3) Comment by Tea_Slayer - 05/10/2012

localgal, real all of Mr hammatt's post. For instance: "Now we find that the state's own "value-added" scores show our teachers outperform the state average (by far) on student growth. Now, let me point out something. The state's "value-added" scores are not worth the paper they are printed on. (By the way, the Department of Education has NEVER released the formula itself... I guess it is TOP SECRET.) School Performance Scores SPS or "Letter Grades, also have no relationship with the quality of teaching."

4) Comment by localgal - 05/10/2012

Noel, it should be fairly easy for EBR to accomplish the stats in this article. So many of the schools here are doing very poorly. We have how many schools graded as either C,D, or F? It didn't take too much for many of the teachers to reach the benchmark under the new evaluation. I would predict that other poorly rated school systems will have their teachers faring the same because they had so far to go to pull their schools up to an A or a B. Those stats don't prove anything. Look at that poor school in Sheveport mentioned in another article. They are the top elementary school in the state, yet the teachers there risk being ruled ineffective. I would be curious to know how well the teachers at magnet schools here in the parish were represented. They are probably going to face the same problem as the school in Shreveport. Which 20% of teachers were sampled? Of course the state doesn't want to release any more stats by individual parish because they will have to admit that this whole "reform"is a total joke! The entire system is corrupt. The only way to evaluate teachers is to get solid, qualified principals to do what they used to do---get into the classroom and observe your teachers on a regular basis. Now they have no time to check on the teachers in their own schools. Neither do all the high paid supervisors at the local level. They have become glorified paper pushers. Free them from the endless paperwork, get the federal government out of our hair and quit forcing states to compete for funds for their state schools. Abolish the U.S. Department of Education. Give us back our local schools.

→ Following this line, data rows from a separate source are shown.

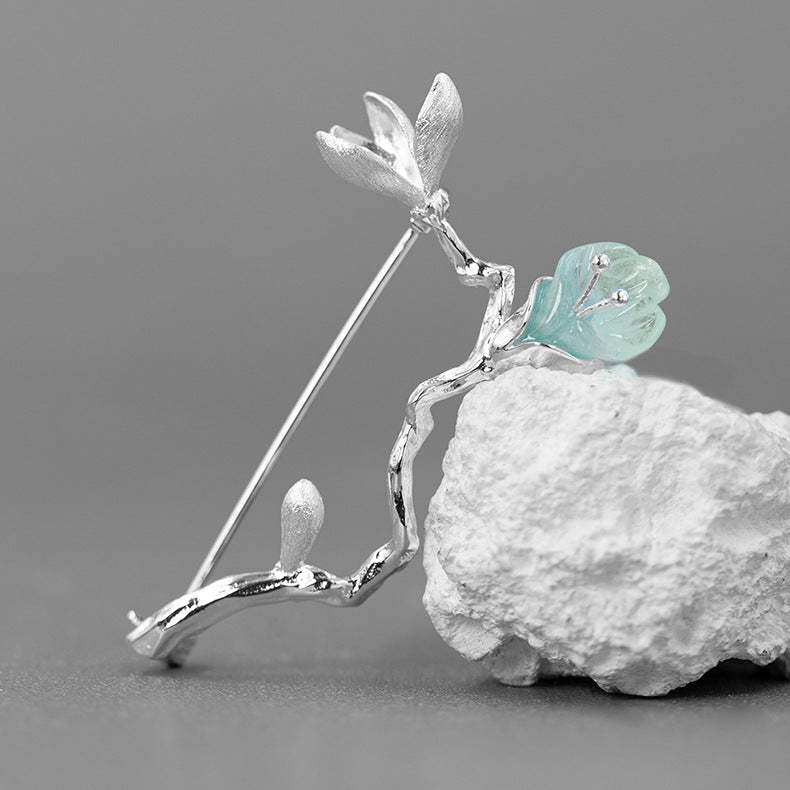 Looking for original Xinyi Xiangwan sterling silver inlaid with aquamarine baby stones new Chinese style magnolia brooch for women-Mix MIx Style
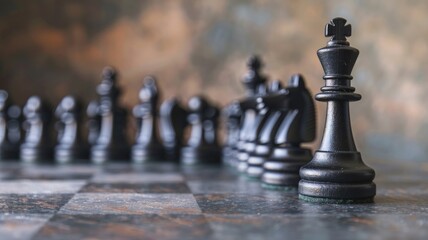 Chess pieces on board, focusing black king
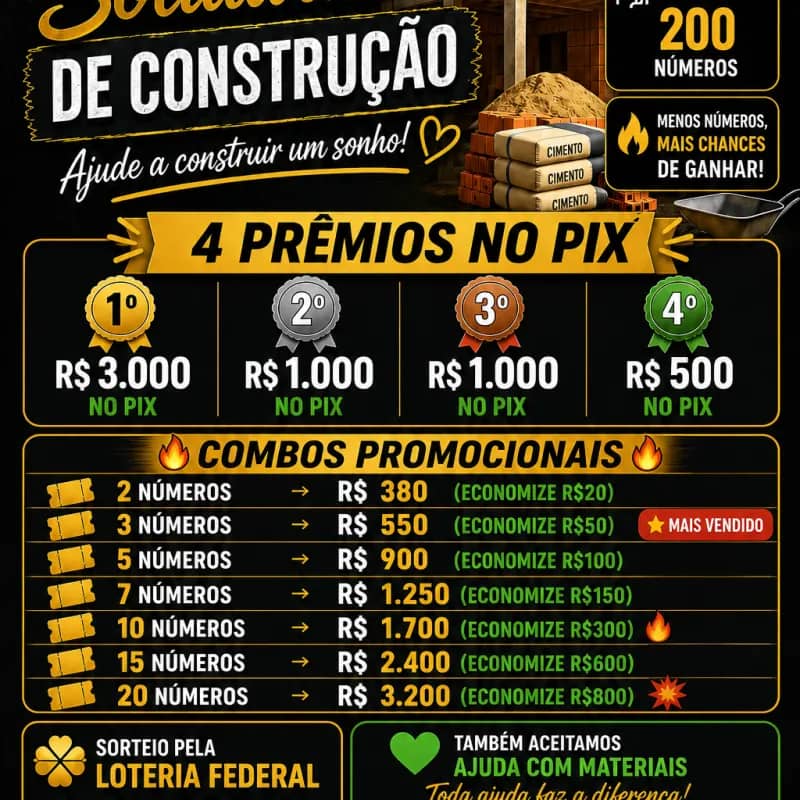 Imagem da campanha Rifa solidária de construção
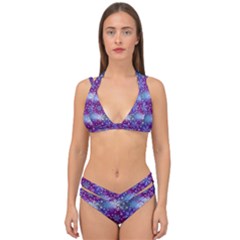 Snow Blue Purple Tulip Double Strap Halter Bikini Set by Dutashop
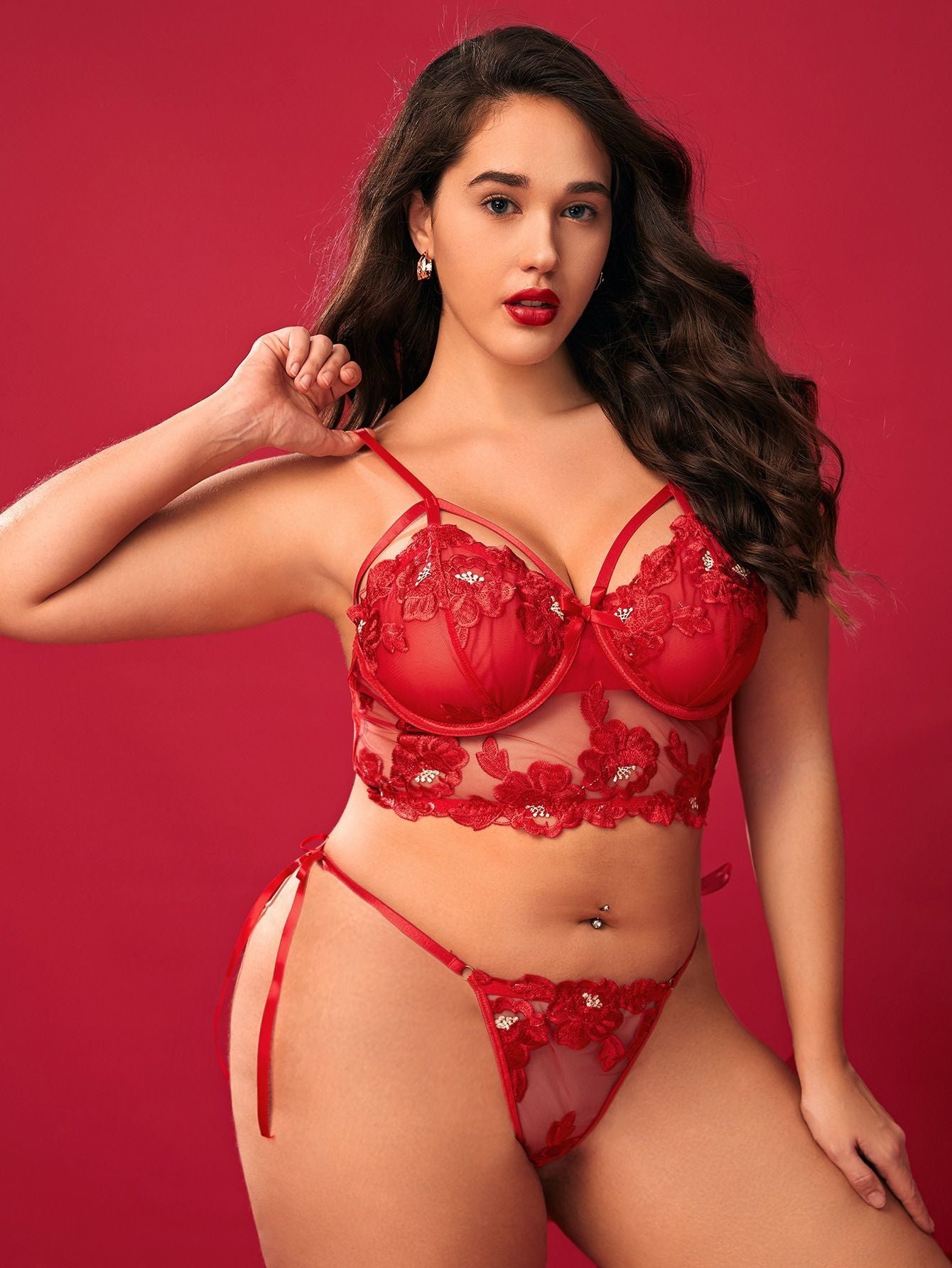 Scarlet Desire Floral Lace Set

5) Comment by Noel Hammatt - 05/10/2012

Simply amazing, isn't it? So many aspects of this story. EBR, constantly being assailed as a "D" district, while it's students perform above the state national average on the ACT test (when looking at comparisons of White, African-American and Asian students compared to their state-wide an national peer groups) and recognized in the Schott report a couple of years ago as having one of the highest graduation rates for African-American students in the entire country. In the last year we have data for, White students in EBR scored fifth highest in the state. (For the nay-sayers out there who spent all their money bashing the school system in the last School Board elections, please go look up "Simpson's Paradox.") Now we find that the state's own "value-added" scores show our teachers outperform the state average (by far) on student growth. Now, let me point out something. The state's "value-added" scores are not worth the paper they are printed on. (By the way, the Department of Education has NEVER released the formula itself... I guess it is TOP SECRET.) School Performance Scores SPS or "Letter Grades, also have no relationship with the quality of teaching. None. Neither Letter Grades nor "Value Added Measures" (VAM) are legitimate measures of anything at all! And again, I am offering to debate anyone who claims otherwise, at a time and place (public) of their choosing. Only one rule. Any claims must be supported with evidence. And, any state claims must include the actual DATA! The state has consistently refused to allow researchers access top any of the state data. Interesting to note that again we have a district asking for data from the state, and being refused. Any media out there having any luck? Or are they running into a "legal" roadblock thrown up by the state? Would love to see more charter school data. For now, it looks like the state is not going to release data on many of its own RSD schools. What are they hiding? More on this is sure to come!